Solution 1:

On the one hand,

$$\frac{1}{r^{n-1}}\frac{d}{dr}\left(r^{n-1}f'\right) = \frac{1}{r^{n-1}} \left( (n-1)r^{n-2} f' + r^{n-1} f'' \right) = \frac{n-1}{r}f' + f''$$

On the other, the gradient of $f$ is $\displaystyle \nabla f = \frac{\vec{r}}{r}f'$ and thus the Laplacian of $f$ is

$$\nabla^2 f = \left( \frac{n}{r} - \frac{\vec{r}\cdot\vec{r}}{r^3}\right) f' + \frac{\vec{r}\cdot\vec{r}}{r^2}f'' = \frac{n-1}{r}f' + f''$$

Therefore $\displaystyle \Delta f = \frac{1}{r^{n-1}}\frac{d}{dr}\left(r^{n-1}f'\right)$.


I don't know the history of writing the Laplacian of a radial scalar field this way. But it does make certain calculations fast.
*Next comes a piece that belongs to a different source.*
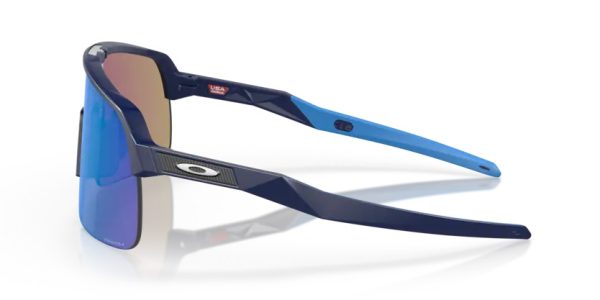 Okulary OAKLEY Sutro Lite Mtt Navy w/ PRIZM Sapph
For example, in 3D do the scalar fields $f_1(r) = A/r$ or $f_2(r) = B/r^2$ have zero Laplacian?

It also makes calculating the Fourier transform of such a Laplacian easier.

Solution 2:

Here's an alternative, it uses some heavy machinery (if some points are unclear perhaps the comment at the end might help) but casts a little light on the symmetry of the situation.

Let's distinguish $f$ from $\phi$ with $f(x)=\phi(\|x\|)$, and from now on we fix $x$ and put $\|x\|=r$. $B_{r}$ is the ball centered in the origin with radius $r$

We have that \begin{equation*} s_{n}r^{n-1}\phi'(r)=\int_{\partial B_{r}} \nabla f . \vec u \end{equation*} where $\vec u$ is the normal vector to $\partial B_{r}$, and $s_{n}$ is the surface area of $\partial B_{1}$.

By divergence theorem \begin{equation*} \int_{\partial B_{r}} \nabla f . \vec u = \int_{B_{r}} \Delta f \end{equation*}

But \begin{equation*} \frac{\partial}{\partial r}\left(\int_{B_{r}} \Delta f\right) = \int_{\partial B_{r}}\Delta f \end{equation*}

So \begin{equation*} \frac{\partial}{\partial r}\left(s_{n}r^{n-1}\phi'(r)\right)=\int_{\partial B_{r}} \Delta f \end{equation*}

Since $\Delta f$ is also a radial function \begin{equation*} \frac{1}{s_{n}r^{n-1}} \int_{B_{r}} \Delta f= \Delta f(x) \end{equation*} which concludes our proof (the $s_{n}$ cancel out).

A first problem with this argument is that it makes use of the fact that $\nabla f(x) = \phi'(\|x\|)\frac{x}{\|x\|}$ and that $\nabla f$ is also a radial function. Proving this properly requires more or less as much calculations as computing directly the laplacian. But this properties can be easily seen when picturing a radial function. The gradient must be orthogonal to the plane tangent to $B_{r}$ in $x$ (because $f$ is constant on $B_{r}$), so it is colinear to $x$ and must have norm $\phi'(r)$. The laplacian can be expressed from the local mean of $f$, so it should by invariant by isometry by radiality of $f$ and hence only depend on $r$.

The advantage of this proof is that it gives a faint idea of why a $r^{n-1}$ goes in and out the expression of the laplacian: the radiality of $f$ makes it possible to compute the laplacian on the whole $\partial B_{r}$ at once and not only in one point, so the $r^{n-1}$ appears when taking means over the $\partial B_{r}$.